RE: [PATCH] SCHED: scatter nohz idle balance target cpus

From: Jianyong Wu
Date: Tue Mar 18 2025 - 07:36:38 EST


Hi Peter,

Thanks for replay.

> -----Original Message-----
> From: Peter Zijlstra <peterz@xxxxxxxxxxxxx>
> Sent: Tuesday, March 18, 2025 2:39 PM
> To: Jianyong Wu <wujianyong@xxxxxxxx>
> Cc: mingo@xxxxxxxxxx; vincent.guittot@xxxxxxxxxx; jianyong.wu@xxxxxxxxxxx;
> linux-kernel@xxxxxxxxxxxxxxx
> Subject: Re: [PATCH] SCHED: scatter nohz idle balance target cpus
>
> On Tue, Mar 18, 2025 at 02:23:58AM +0000, Jianyong Wu wrote:
>
> Re subject; if you look at other patches for sched, you'll note that we do not
> capitalize it.
[Jianyong Wu]
OK, will correct it.

> Also, what you're doing is not scatter, it is rotation.
[Jianyong Wu]
It seems. However, as nohz idle balance occurs quite frequently, in proportion to the value of "HZ" and CPUs number, the selected CPU will spread to the whole system soon. Compared with current situation where mostly only cpu0 is selected, the change in this patch is more like a "scattering" effect. But it doesn't matter, "rotation" is fine. I can change it according your wish.

>
> > Currently, cpu selection logic for nohz idle balance lacks history
> > info that leads to cpu0 is always chosen if it's in nohz cpu mask.
> > It's not fair fot the tasks reside in numa node0. It's worse in the
> > machine with large cpu number, nohz idle balance may be very heavy.
>
> Since you seem to care about ilb and numa; there is this _very_ old patch set
> that never got finished:
>
> https://lore.kernel.org/all/20091211013056.305998000@xxxxxxxxx/
>
[Jianyong Wu]
Thanks for this. I'll look into it (may take some time)

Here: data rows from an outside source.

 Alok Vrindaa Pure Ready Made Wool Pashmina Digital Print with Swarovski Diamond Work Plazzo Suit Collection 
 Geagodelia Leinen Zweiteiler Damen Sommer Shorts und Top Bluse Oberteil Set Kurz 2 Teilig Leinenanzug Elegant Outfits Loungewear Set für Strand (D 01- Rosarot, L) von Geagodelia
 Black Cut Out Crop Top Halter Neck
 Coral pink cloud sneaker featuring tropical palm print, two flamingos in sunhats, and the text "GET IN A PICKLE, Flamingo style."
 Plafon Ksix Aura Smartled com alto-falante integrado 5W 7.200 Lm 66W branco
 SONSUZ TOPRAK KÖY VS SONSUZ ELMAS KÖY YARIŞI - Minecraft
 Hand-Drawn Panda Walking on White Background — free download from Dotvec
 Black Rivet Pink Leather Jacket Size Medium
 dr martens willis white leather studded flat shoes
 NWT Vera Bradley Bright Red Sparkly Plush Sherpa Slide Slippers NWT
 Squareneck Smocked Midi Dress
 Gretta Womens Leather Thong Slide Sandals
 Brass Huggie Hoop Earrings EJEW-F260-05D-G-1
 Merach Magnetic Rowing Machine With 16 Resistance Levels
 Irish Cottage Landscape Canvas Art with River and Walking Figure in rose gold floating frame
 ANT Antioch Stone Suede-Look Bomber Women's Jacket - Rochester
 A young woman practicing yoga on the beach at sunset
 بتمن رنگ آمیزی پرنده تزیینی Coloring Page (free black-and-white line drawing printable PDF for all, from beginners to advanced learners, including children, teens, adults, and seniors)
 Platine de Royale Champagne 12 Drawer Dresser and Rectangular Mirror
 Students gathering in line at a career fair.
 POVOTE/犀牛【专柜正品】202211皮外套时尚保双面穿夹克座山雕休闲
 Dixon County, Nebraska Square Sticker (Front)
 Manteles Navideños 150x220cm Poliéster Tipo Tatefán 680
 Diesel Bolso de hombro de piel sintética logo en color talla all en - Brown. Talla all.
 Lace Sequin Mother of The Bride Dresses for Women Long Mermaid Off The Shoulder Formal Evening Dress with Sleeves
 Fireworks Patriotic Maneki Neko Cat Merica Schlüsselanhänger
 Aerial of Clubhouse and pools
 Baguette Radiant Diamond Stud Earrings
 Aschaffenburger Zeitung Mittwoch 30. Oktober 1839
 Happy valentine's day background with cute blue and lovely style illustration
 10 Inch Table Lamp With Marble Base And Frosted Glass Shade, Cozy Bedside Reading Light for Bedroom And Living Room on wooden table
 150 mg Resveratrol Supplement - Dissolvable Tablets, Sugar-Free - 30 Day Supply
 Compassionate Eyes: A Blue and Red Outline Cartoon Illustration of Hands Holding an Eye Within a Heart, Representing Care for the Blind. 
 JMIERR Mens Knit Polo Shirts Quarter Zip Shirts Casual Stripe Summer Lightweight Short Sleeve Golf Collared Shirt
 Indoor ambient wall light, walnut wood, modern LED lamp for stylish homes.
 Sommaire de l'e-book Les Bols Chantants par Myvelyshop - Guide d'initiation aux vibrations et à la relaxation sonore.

> IIRC there was a problem where it would simply stop running the per-node ilb
> when the node went idle, leading to node level imbalances. This should be
> curable by picking one such idle node and keeping its ILB active or somesuch.
[Jianyong Wu]
I think this patch is simple enough to achieve the "fairness". WDYT?
>
> Something to poke at if you're interested..
>